Problem to solve:
Under this line are the records; repeat exactly the lines starting at the one containing "FULLHI Knife Set, 14pcs" and ending at the one containing "So Santa Christmas", omitting pictures.

Supplied records:
[Start of section]
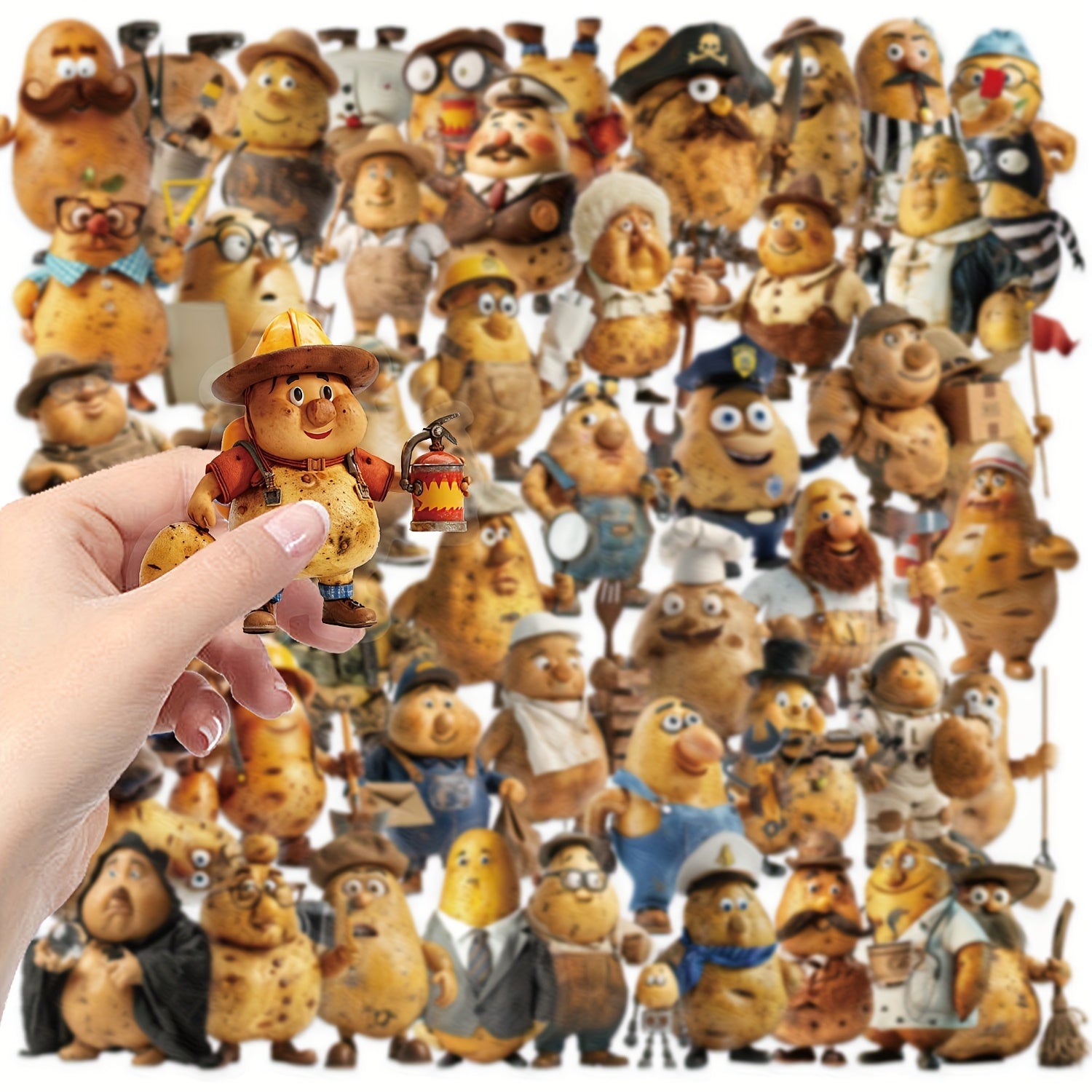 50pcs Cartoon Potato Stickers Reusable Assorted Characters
[End of section]
[Start of section]
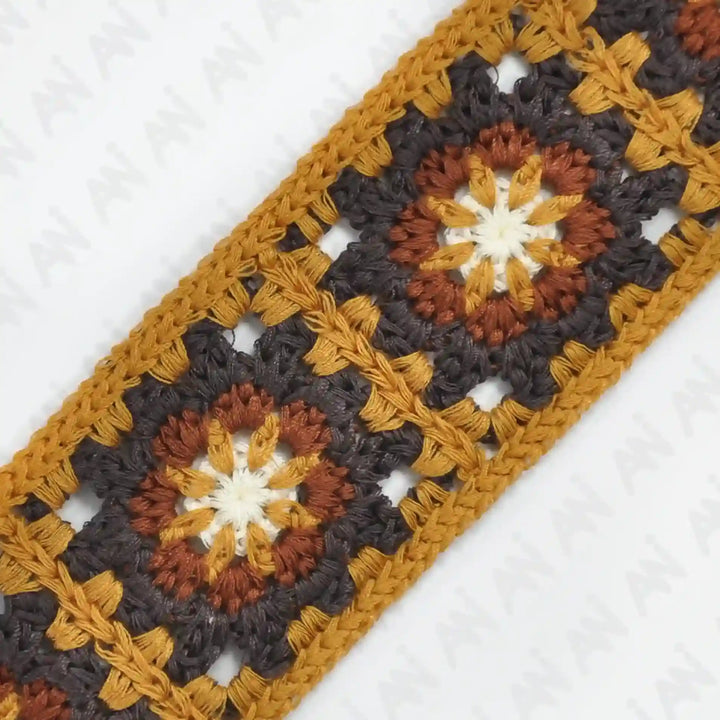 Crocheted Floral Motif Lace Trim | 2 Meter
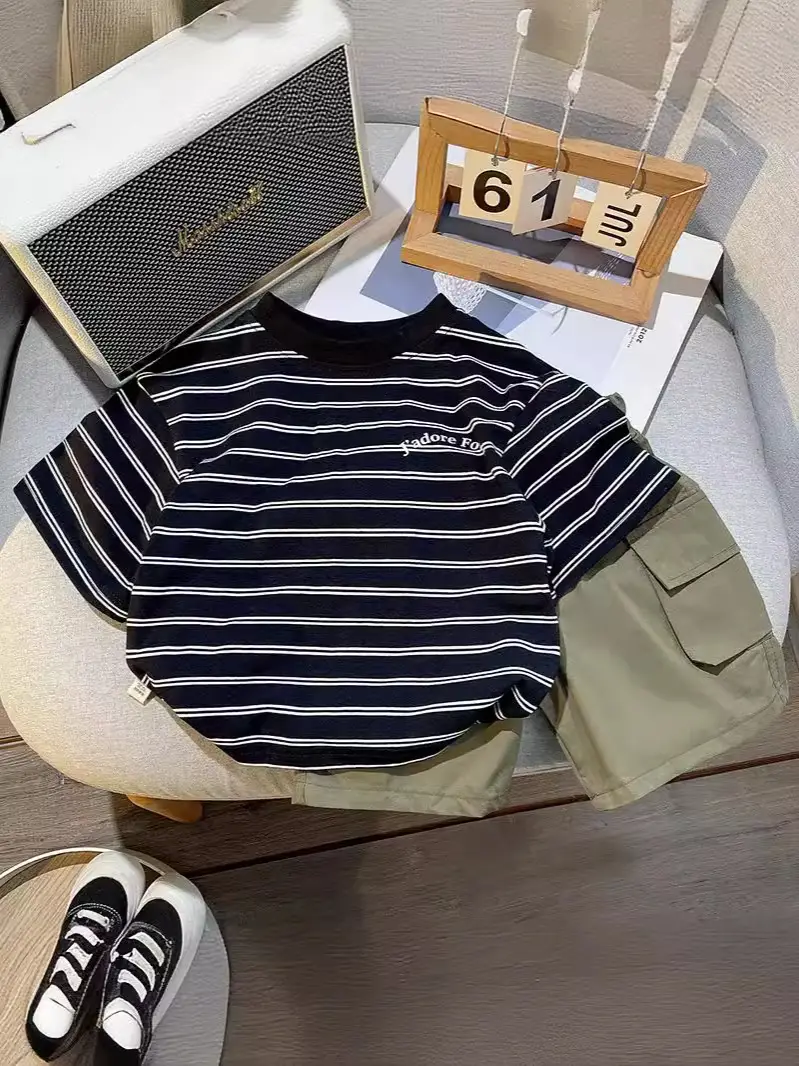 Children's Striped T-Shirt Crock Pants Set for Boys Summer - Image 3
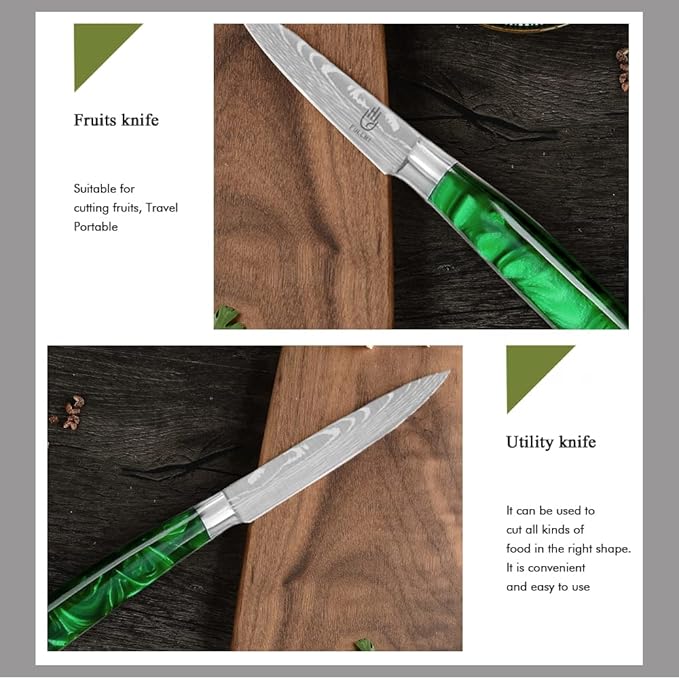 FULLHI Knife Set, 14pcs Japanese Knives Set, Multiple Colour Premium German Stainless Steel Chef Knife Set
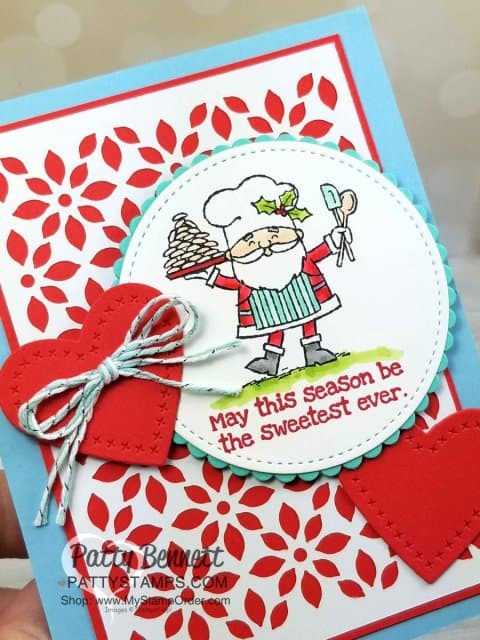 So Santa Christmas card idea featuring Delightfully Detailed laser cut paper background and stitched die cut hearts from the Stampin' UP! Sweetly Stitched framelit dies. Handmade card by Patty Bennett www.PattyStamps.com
[End of section]
Response below:
 FULLHI Knife Set, 14pcs Japanese Knives Set, Multiple Colour Premium German Stainless Steel Chef Knife Set
 So Santa Christmas card idea featuring Delightfully Detailed laser cut paper background and stitched die cut hearts from the Stampin' UP! Sweetly Stitched framelit dies. Handmade card by Patty Bennett www.PattyStamps.com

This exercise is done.